● EXCERPTED RECORDS:
BEGIN
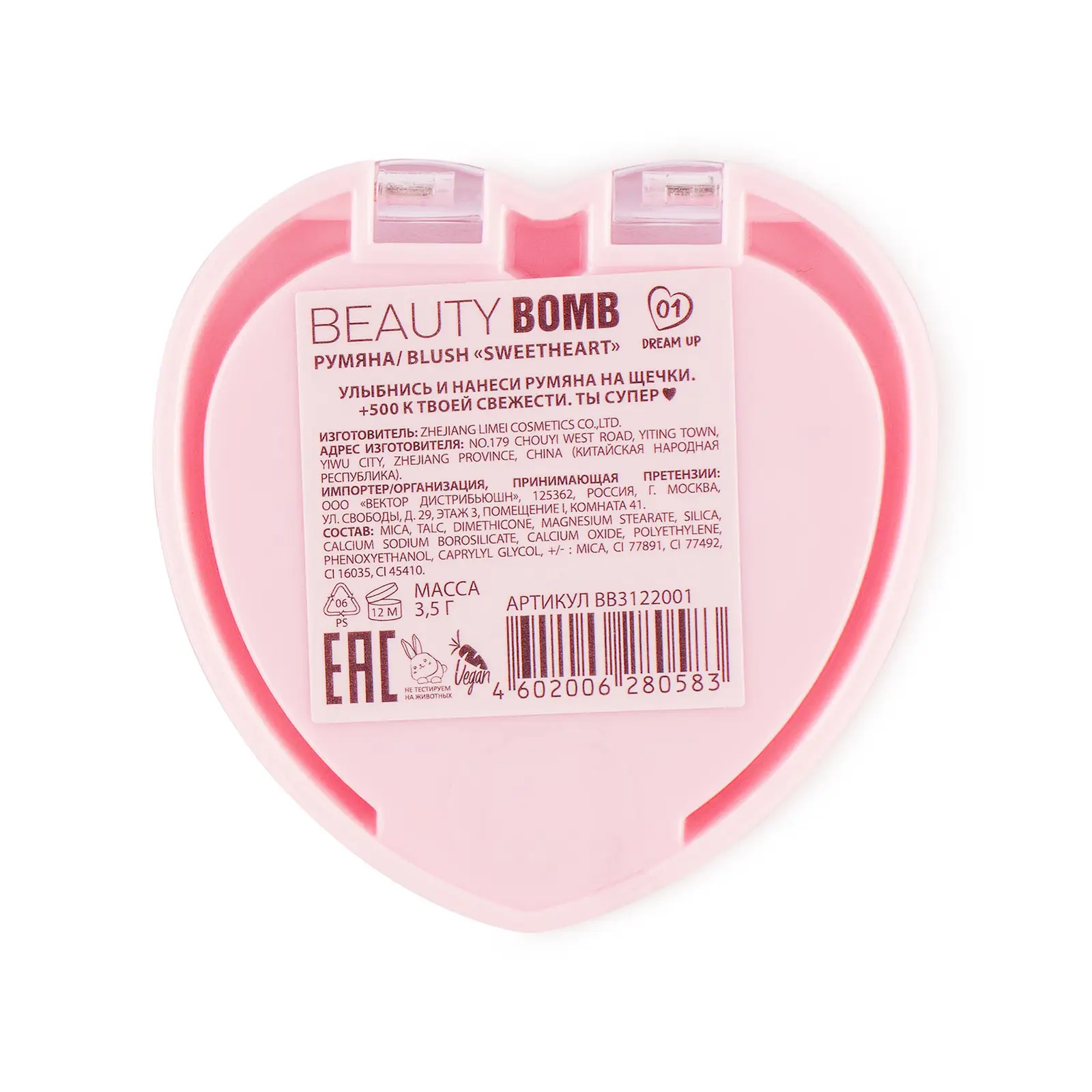 Румяна Beauty Bomb Blush Sweetheart тон 01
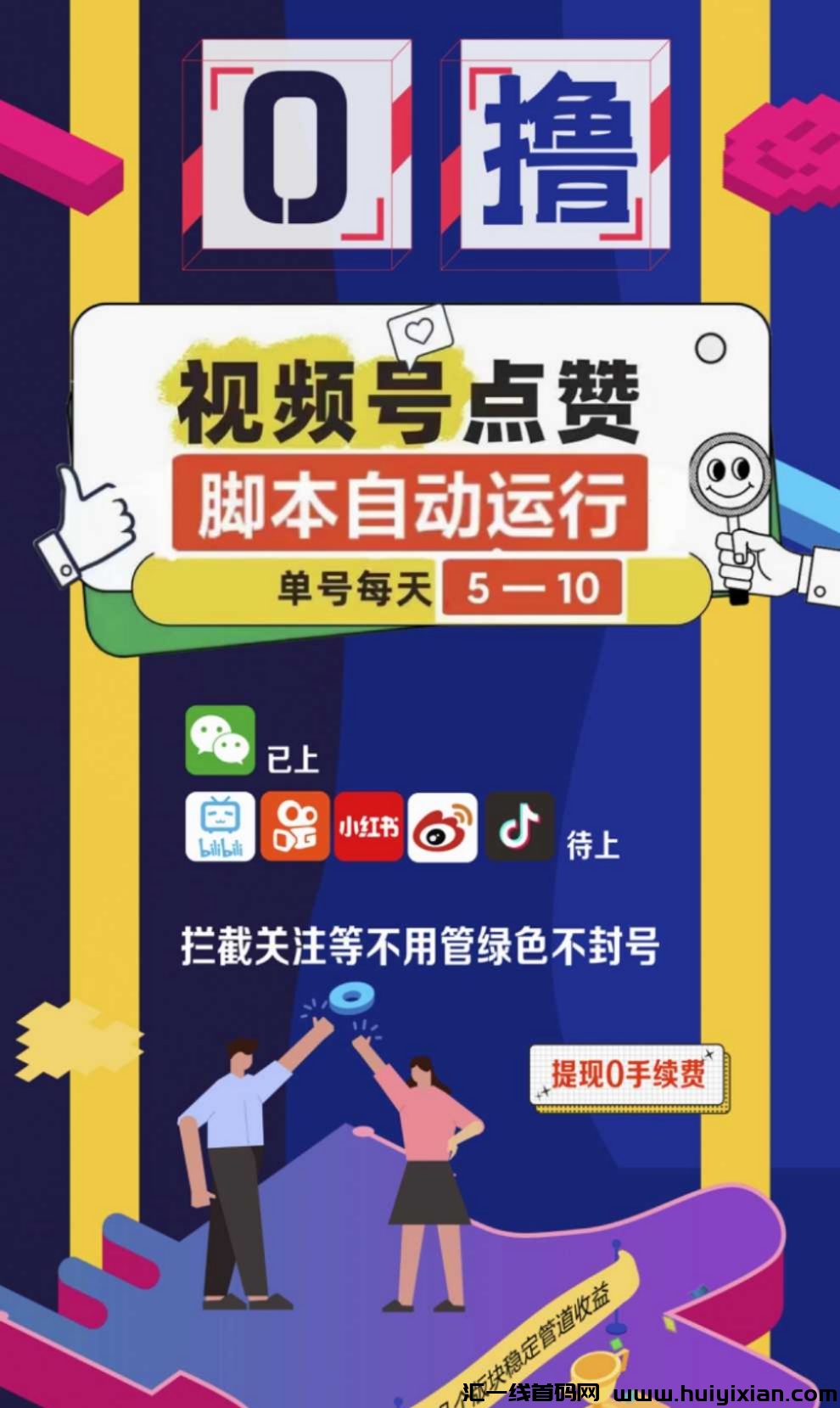 1b3cdf4f4320241208124539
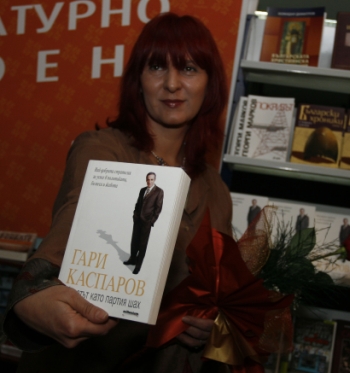 Ани Романова представя книгата на Гари Каспаров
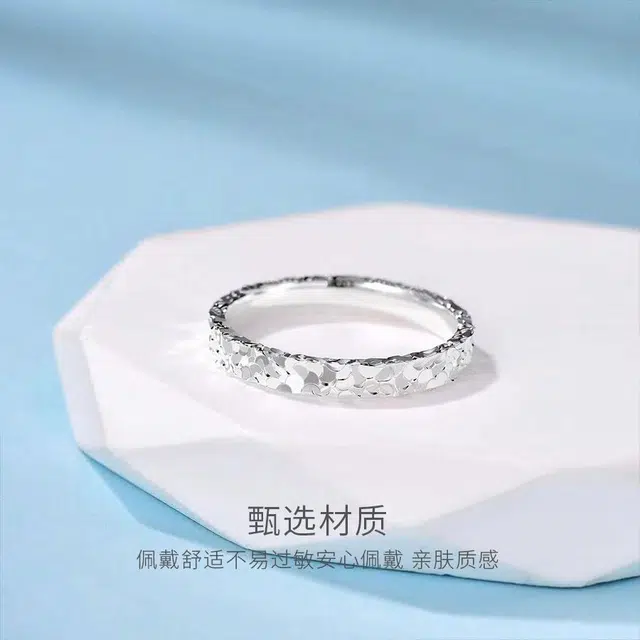 ins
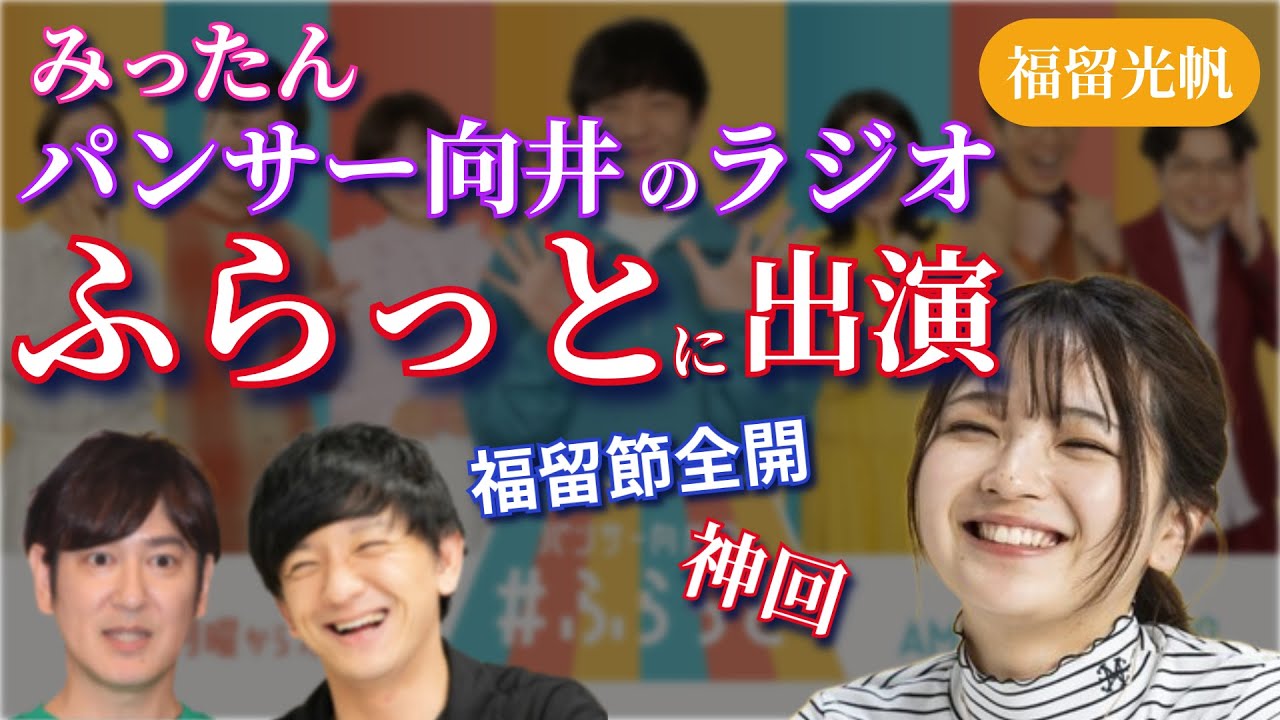 福留光帆 パンサー向井のラジオ「ふらっと」に出演 #福留光帆 #切り抜き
END
● WORK REQUIRED: Set down word for word every line from the one containing "Ани Романова представя" through the last line of the records above, both ends included. Leave out the pictures.

● EXERCISE SOLUTION:
 Ани Романова представя книгата на Гари Каспаров
 ins
 福留光帆 パンサー向井のラジオ「ふらっと」に出演 #福留光帆 #切り抜き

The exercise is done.